Don't sell yourself short!


----------



## gibson330usa (May 15, 2012)

I've used an inflatable on small rivers and lakes for 3 years. I like the convenience and the lightweight. It suits my needs when I paddle upstream a mile or so then float back downstream. If I'm going on a longer float I usually rent a hardbody from a livery. A quality inflatable only takes 5 minutes to inflate and are very tough. They do not puncture easily and when they do it's a pretty easy repair. I've never heard of any "very terrible reputation" perhaps this poster is referring to a cheap pool toy inflatable. White water rafts are inflatable, Navy seals use inflatables, ocean liners use inflatable life rafts so they're certainly a viable alternative to Ohio streams.


----------



## RebelWithACause122 (Mar 29, 2011)

Hey Tbusy, I do agree that you should probably get a plastic kayak instead of an inflatable. The inflatable will be more hassle each time out than dealing with car-topping a rigid kayak. Also, I wouldn't suggest getting a kayak with a 300 pound weight limit... you'll be much more stable if you're in a kayak with a greater capacity. Concerning your comment about "hoping to change" that number... kayaking is actually a great way to do that. After getting married (to a good cook), buying a house, and getting a desk job... I found that I was way less active than I had been in college... and I had put on 40 pounds. I got into kayaking & kayak fishing... last year, I improved my eating habits and I put over 300 miles on my kayak (gps tracked, and those are all lake miles... no riding the currents) and managed to lose 43 pounds. I'm now just shy of 50 pounds lighter than when I got into kayaking, and that's with packing on a few pounds of upper body muscle.

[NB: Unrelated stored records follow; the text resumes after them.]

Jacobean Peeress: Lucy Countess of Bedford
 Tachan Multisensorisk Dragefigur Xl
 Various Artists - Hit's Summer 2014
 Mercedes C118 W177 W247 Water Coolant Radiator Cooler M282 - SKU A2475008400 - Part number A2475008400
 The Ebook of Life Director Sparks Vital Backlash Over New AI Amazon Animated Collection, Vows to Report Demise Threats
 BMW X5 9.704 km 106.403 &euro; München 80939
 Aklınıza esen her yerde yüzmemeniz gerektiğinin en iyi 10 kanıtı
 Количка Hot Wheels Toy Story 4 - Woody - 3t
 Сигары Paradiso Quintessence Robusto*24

Anyway, I'm quite certain that if you go with a rigid kayak, you'll be much happier in the long run, and a lot more likely to stick with it. I'd be more than happy to get together with you & help come up with a transportation solution for your little car (I have some experience). There's also a guy in the area (we'll see if he notices this thread and weighs in on it) who hauls his kayak on top of a Honda Fit (if I remember correctly).


----------



## streamstalker (Jul 8, 2005)

Back in the day, I regularly rode around with a 15 foot canoe on top of a 1980 Honda Civic.


----------



## Bubbagon (Mar 8, 2010)

I've still never heard of a good idea to own an inflatable kayak in Ohio. There are lots of good reasons if you paddle whitewater.
But for fishing in Ohio, I can't think of why you'd want one.

Price: inflatables, or at least ones that will hold up, like Sea Eagle, are way more than a suitable kayak.
Weight: about the same

I'd go with a Perception Swifty 9.5 every time over an inflatable.
http://perceptionsport.com/kayaks/PRS_Swifty

Cheap (~$300), will handle any water, super stable, and will hold up to a beating.

I do a lot of "drag my kayak down a bank, wade/paddle upstream a mile, and float back down". And I drag my kayak through some serious crap...over logs, thru briers, over gravel....blah blah blah.
Occasionally I'll get a fairly deep scratch. I can't imagine what that would look like with an inflatable.
And I can get my kayak off and on my car in a couple minutes...no inflating needed.


----------



## Yakphisher (Jul 9, 2013)

Inflatables are just plain terrible in control and tracking if there ever is any. Reason you go around and around in circle without any paddling effort. That what their bad reputation is plus it is very easy to puncture especially if a sharp edge piece of metal or rebar which is to common in Ohio waters. No thanks! I don't want to have to downgrade myself after not able to replace all expensive gears lost because I know I wont.


----------



## jlieder (Jul 23, 2010)

Hey T-busy

I am also unfortunate enough to own a 2003 Accent! Actually, its a good car. But more importantly here, I manage to haul a 14 ft. Sportspal Canoe on it no problem. Just make yourself a homemade rack out of 2"x2" oak pieces and strap them through the car doors. Make the 2x2's long enough to accomodate whatever yak/canoe you buy. I think mine are like 45 inches long. They do stick out from the door a little (watch your head getting in!) but they are still well inside the width of the mirrors. I can see and drive fine. I may even make new wider ones to accomodate a jon boat.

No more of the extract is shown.